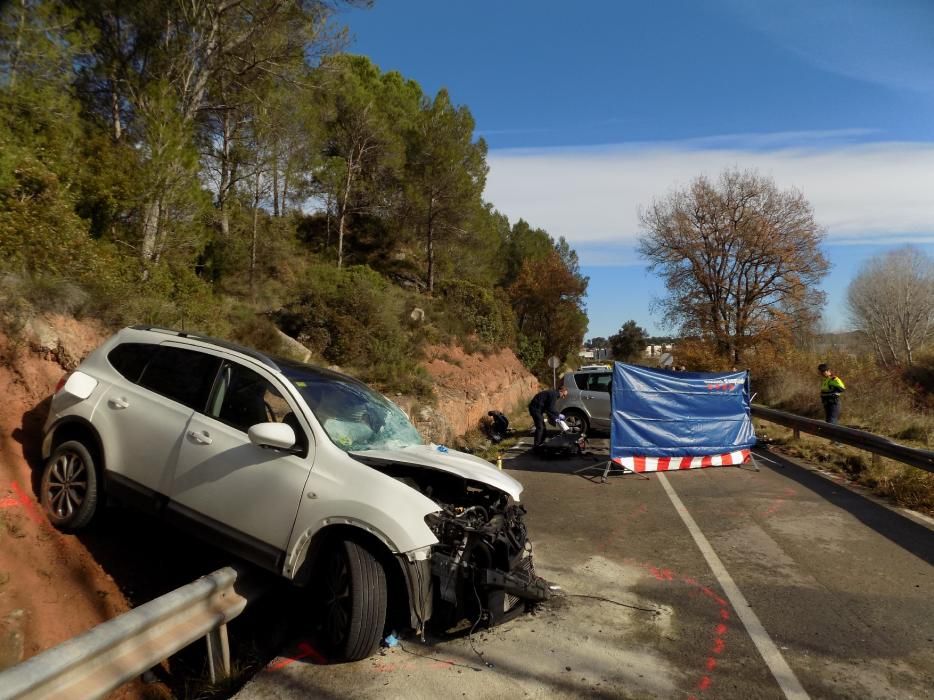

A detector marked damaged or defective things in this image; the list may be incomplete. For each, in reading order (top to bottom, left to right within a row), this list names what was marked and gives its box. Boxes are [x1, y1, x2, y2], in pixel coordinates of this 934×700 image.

second damaged vehicle [40, 326, 548, 660]
damaged white suv [42, 326, 548, 660]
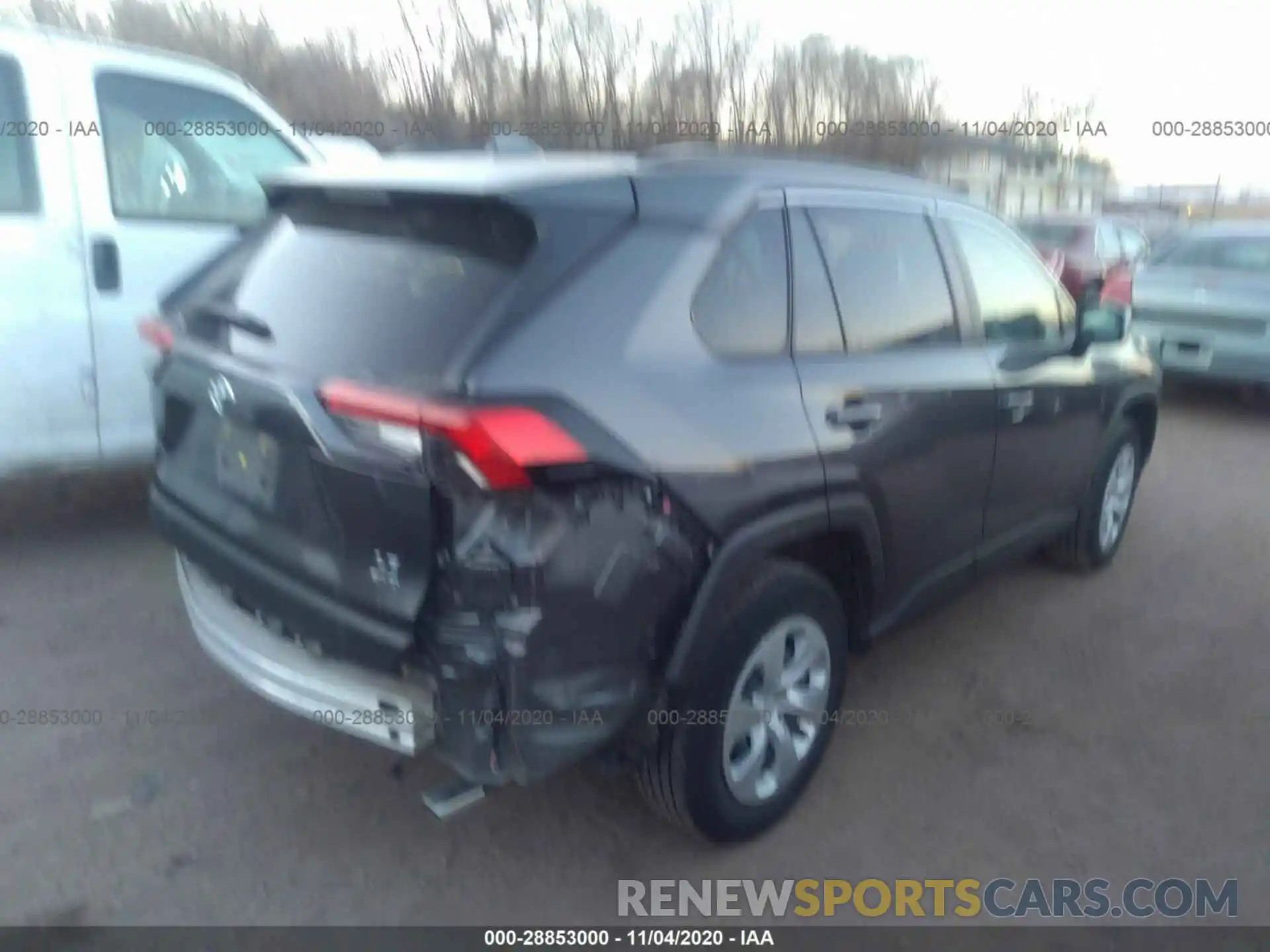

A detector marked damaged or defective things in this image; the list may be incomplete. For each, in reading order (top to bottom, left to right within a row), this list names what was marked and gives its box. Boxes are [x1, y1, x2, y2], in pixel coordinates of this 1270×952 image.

broken taillight [139, 317, 176, 355]
broken taillight [318, 378, 584, 492]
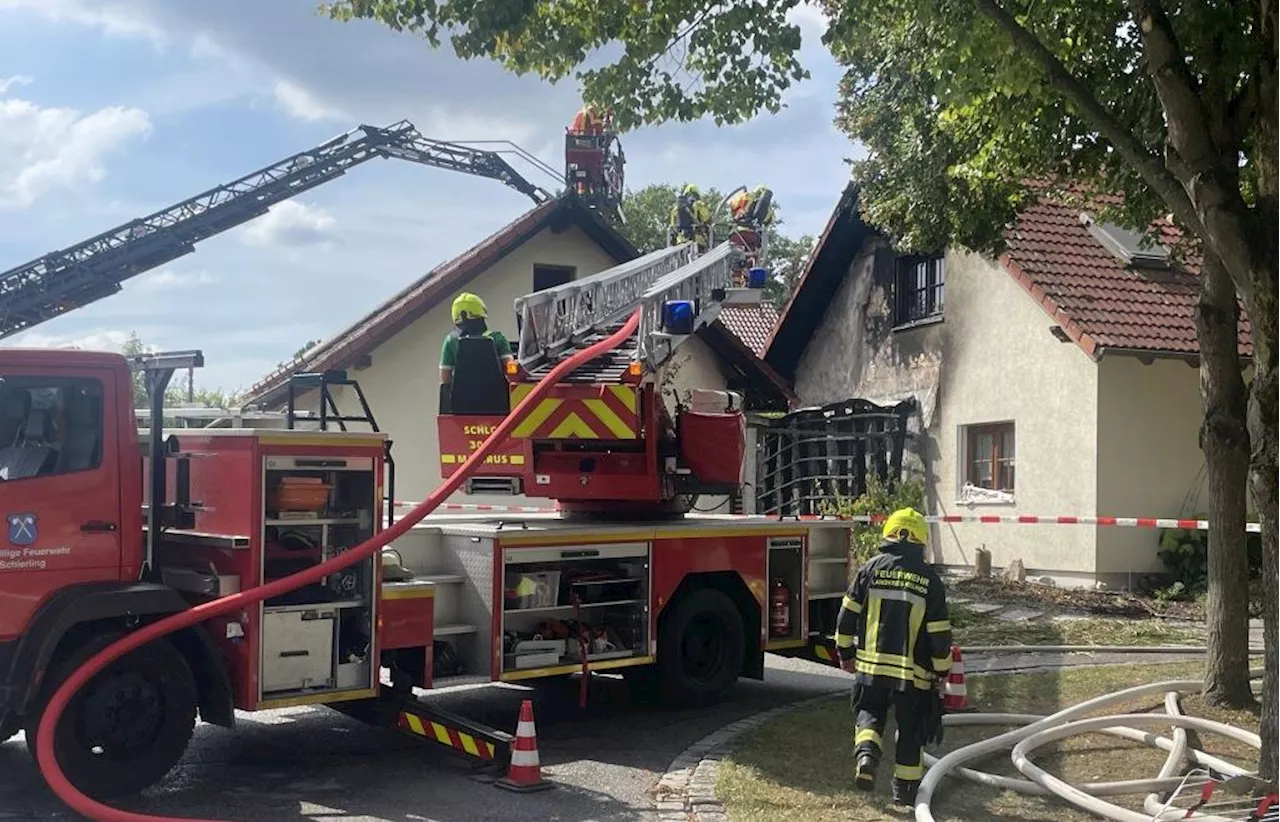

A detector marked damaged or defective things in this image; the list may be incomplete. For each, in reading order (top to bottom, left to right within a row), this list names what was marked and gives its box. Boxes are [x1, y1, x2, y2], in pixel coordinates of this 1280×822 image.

damaged house facade [760, 183, 1240, 588]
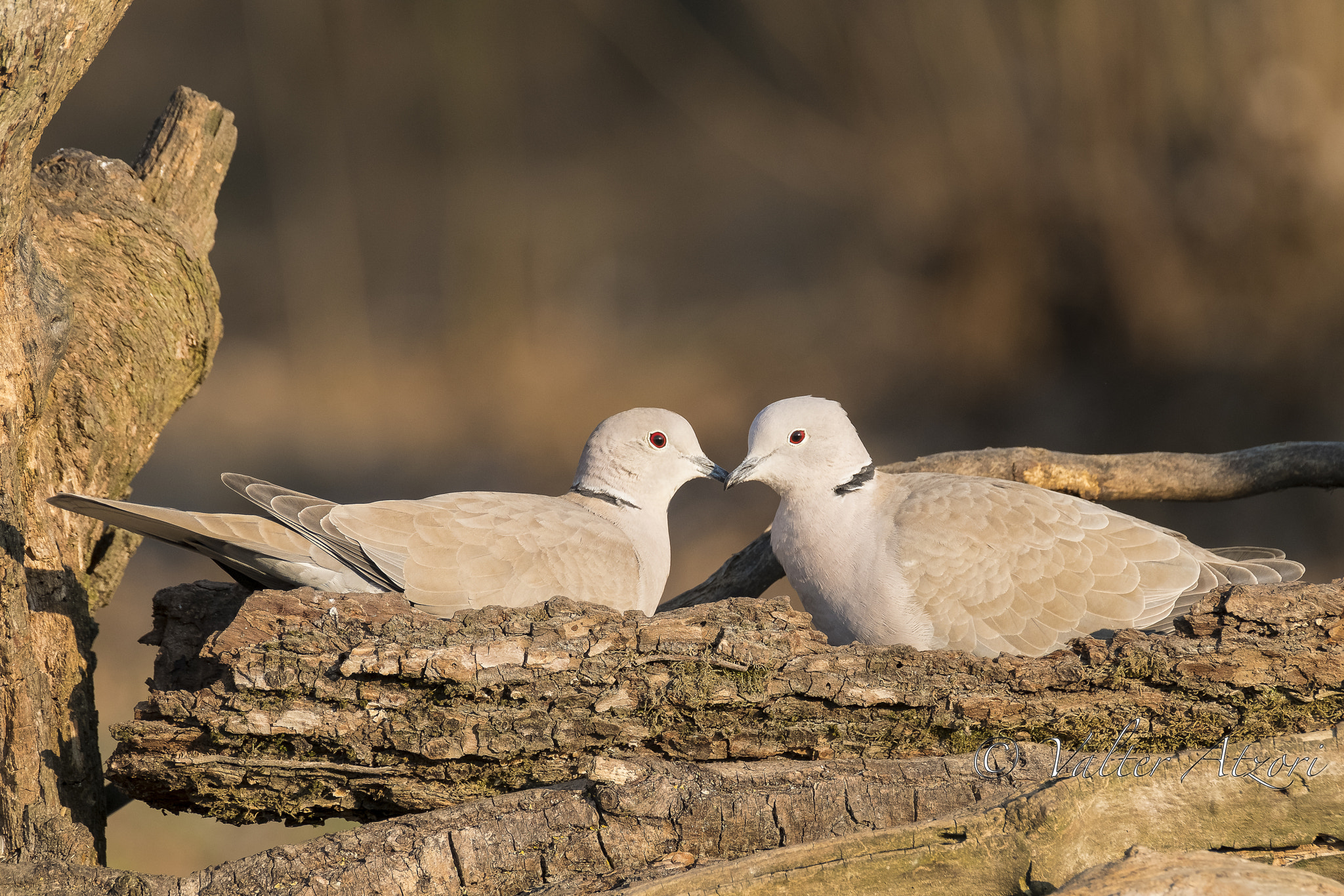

__________________________________________________

> **Your objective**: Set the entries down exactly, but not the pictures.

> **Task solution**:
A detector marked damaged or defective things in this image; the list may be incomplete. For each, in reading order (top to bottom, left to right within a row), this list names what was marked and gives its box. Boxes are [x1, y1, x2, y2], in pixel coordinates of this 934×700 image.

second damaged vehicle [40, 326, 548, 660]
damaged white suv [42, 326, 548, 660]

A detector marked damaged or defective things in this image; the list may be incomplete. For each, in reading order (top to bottom, left to right within a row), this list names what was marked and gives its box. Boxes are [x1, y1, x2, y2], in pixel coordinates of this 1270×952 image.

broken taillight [139, 317, 176, 355]
broken taillight [318, 378, 584, 492]

A detector marked damaged or defective things in this image; the list may be incomplete. For each, in reading order (top to bottom, left to right within a row), this list names what was marked and gives its box. Boxes are [x1, y1, x2, y2], in pixel coordinates of this 1280×822 image.

damaged house facade [760, 183, 1240, 588]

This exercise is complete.